1

Follow up
Can UTF-8 contain zero byte?

Can I safely store UTF8 string in zero terminated char * ?

I understand strlen() will not return correct information, put "storing", printing and "transferring" the char array, seems to be safe.

Nick
  • 9,962
  • 4
  • 42
  • 80

2 Answers2

3

Yes.

Just like with ASCII and similiar 8-bit encodings before Unicode, you can't store the NUL character in such a string (the value \u+0000 is the Unicode code point NUL, very much like in ASCII).

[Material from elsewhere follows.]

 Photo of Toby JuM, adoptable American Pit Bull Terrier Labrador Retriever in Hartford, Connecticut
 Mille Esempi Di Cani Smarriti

As long as you know your strings don't need to contain that (and regular text doesn't), it's fine.

unwind
  • 391,730
  • 64
  • 469
  • 606
1

In C a 0 byte is the string terminator. As long as the Unicode point 0, U+0000 is not in the Unicode string there is no problem.

To be able to store 0 bytes in Unicode, one may use modified UTF-8 that convert not only code points >= 128, but also 0 to a multi-byte sequence (every byte thereof having its high bit set, >= 128). This is done in java for some APIs, like DataOutputStream.writeUTF. It ensures you can transmit strings with an embedded 0.

It formally is no longer UTF-8 as UTF-8 requires the shortest encoding. Also this is only possible when determining the length i.o. strlen when unpacking to non-UTF-8.

So the most feasible solution is not to accept U+0000 in strings.

Joop Eggen
  • 107,315
  • 7
  • 83
  • 138